This combined with the across the board unit volume sales hikes last year for the firm are providing significant support in bolstering the company’s bottom line.

And despite recent acquisitions and upgrades, CJ Fertilizer managed to reduce its debt ratio to 20.3% at end-March from 21.9% as at end-2010.

“This allowed us to have the fourth highest gross profit margin (28.5%) last year among all PRC, Hong Kong and Singapore-listed firms engaged in nitrogenous fertilizer production,” Mr. Zhu added.

And despite being a powerhouse in Hunan Province, the company’s aggressive expansion plan was looking to not only expand capacity but also its geographic reach.

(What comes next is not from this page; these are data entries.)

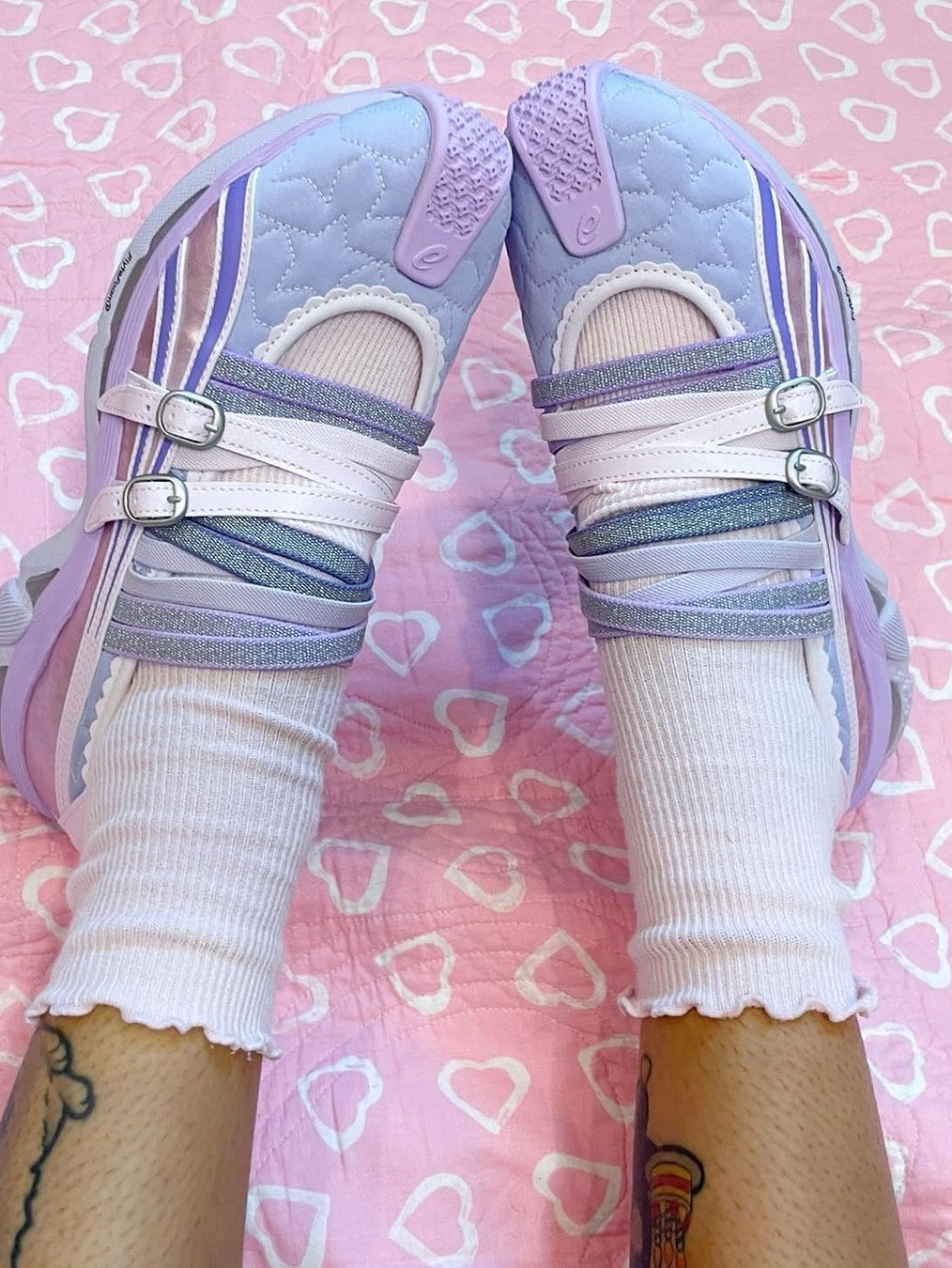 (W) Asics x Kiko Kostadinov x Heaven by Marc Jacobs Gel-Lokros Vapor Cosmos, (W) Asics x Kiko Kostadinov x Heaven by Marc Jacobs Gel-Lokros Faded Denim Pale Aqua 착용 스타일 - 3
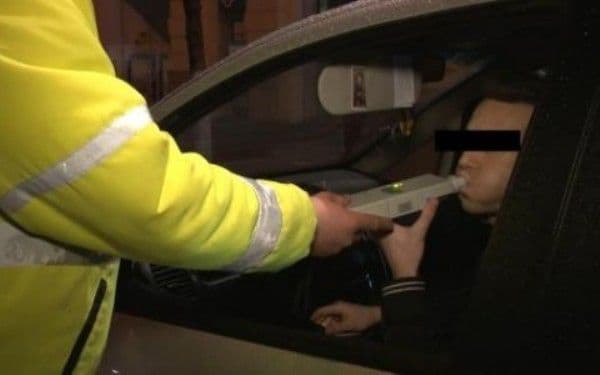 Șoferi din Broscăuți și Dersca, depistați băuți la volan. Vezi ce alcoolemie aveau!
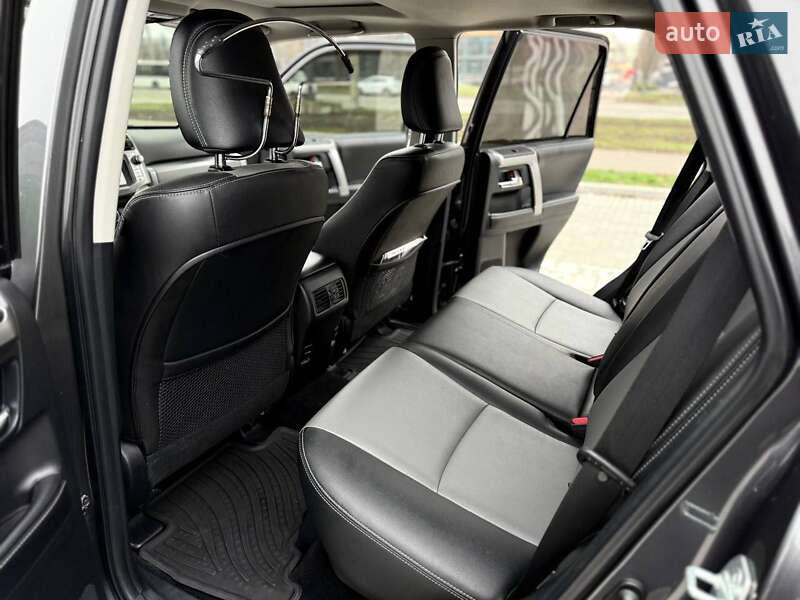 Внедорожник / Кроссовер Toyota 4Runner 2016 в Черкассах фото 21 Внедорожник / Кроссовер Toyota 4Runner 2016 в Черкассах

“All of our capacity expansion projects are directly linked to satisfying actual market demand. And we are initially looking to significantly boost sales in neighboring provinces of Guangdong and Guangxi, among others.”

CJ Fertilizer was also poised to see significant benefits from favorable industrial policy in the PRC.

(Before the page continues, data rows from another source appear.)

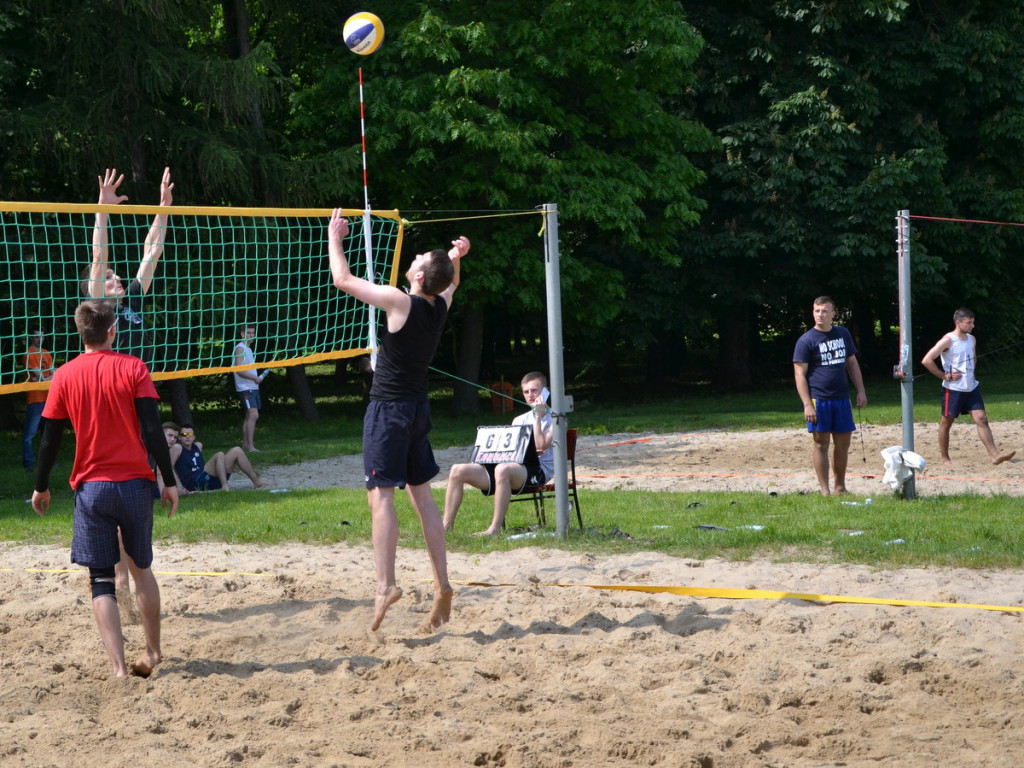Otwarcie sezonu siatkówki plażowej - Siatkarski Turniej 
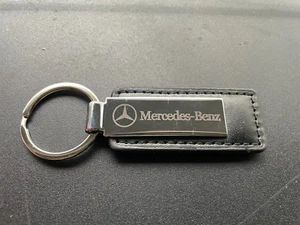 "Nuevo"" Mercedes Benz Cuero Negro ~ Cromado con Llave/Anillo Negro Impresión Láser - Imagen 1 de 3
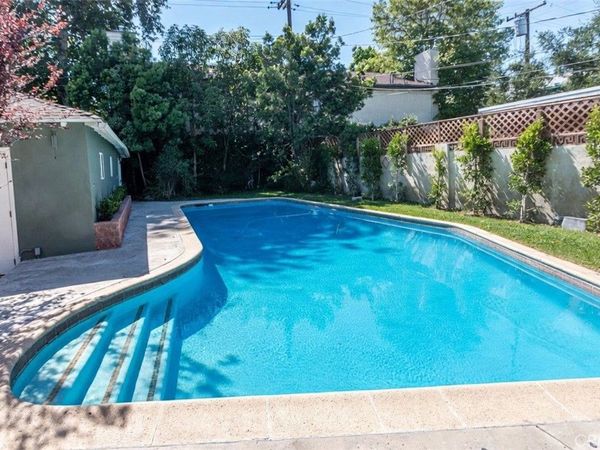 409 S Lamer Street , Burbank, CA 91506
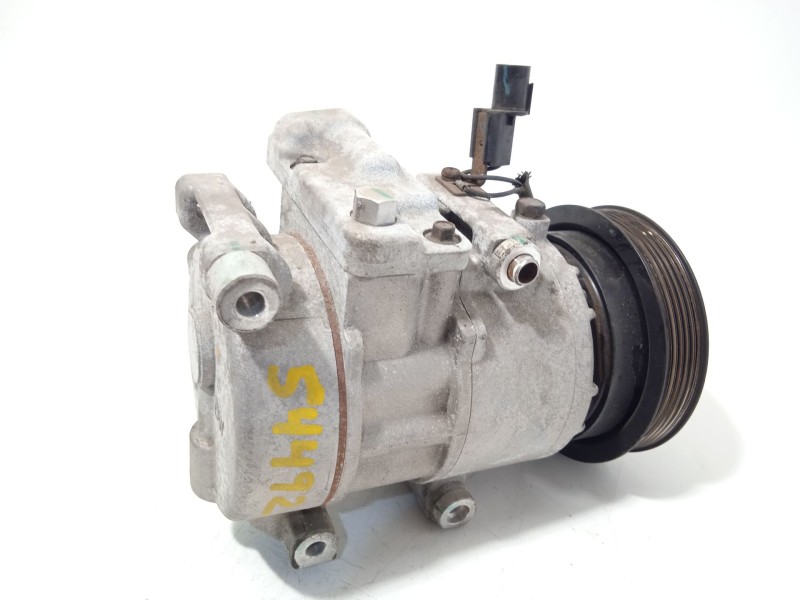 Recambio de compresor aire acondicionado para hyundai i20 i (pb, pbt) 1.4 referencia OEM IAM 977011J100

“The fertilizer industry has been listed as one of the most important in the chemical sector in China’s 12th five-year plan, with the government repeatedly stating that fertilizers improve overall crops yields by at least 30%,” said Mr. Zhu.

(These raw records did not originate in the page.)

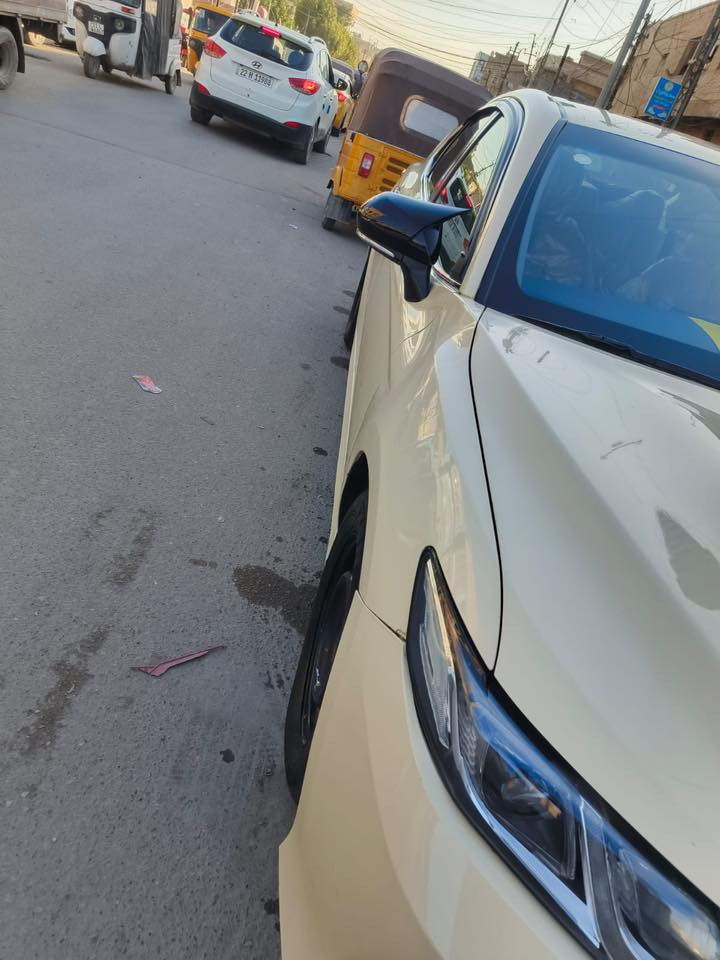 سلام عليكم
سيارة كامري للبيع موديل 2024 اصل 
تكسي دبي
ماشية 128 الف 
سيارة حلوة و خير من الله 
كير مكينة كفاله
بيها حادث موضح بالصور 
رقم بغداد الجديد 
باسمنا السيارة 
تحويل ثاني يوم 
مواصفات معروفه 
مكان السيارة بغداد المشتل 
السعر 175$ وبيها مجال 

‭0771 395 4457‬

***********
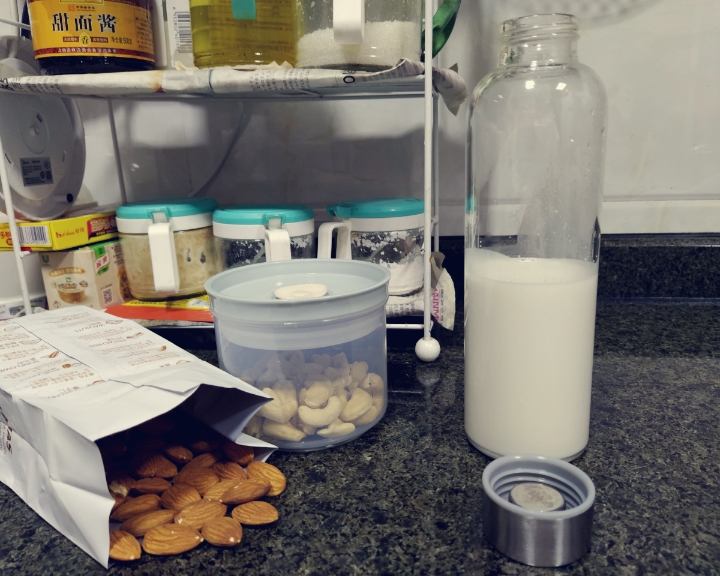 自制杏仁腰果奶（纯素植物奶，做拿铁打奶昔都很棒！）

He added that there is no shortage of demand for such products as fertilizers account for 25% of total agricultural costs and there is huge growth potential with active promotion of more efficient farming practices by both Beijing and provincial governments.

“Thanks to preferential policies, we enjoy approximately 50% lower average electricity rates than other domestic industries and our nitrogenous and ammonia solution products enjoy value-added tax exemptions.”

And with China’s population continuing to grow, though as a more sustainable pace, there was likely to be no slowdown in the demand for fertilizers in the country.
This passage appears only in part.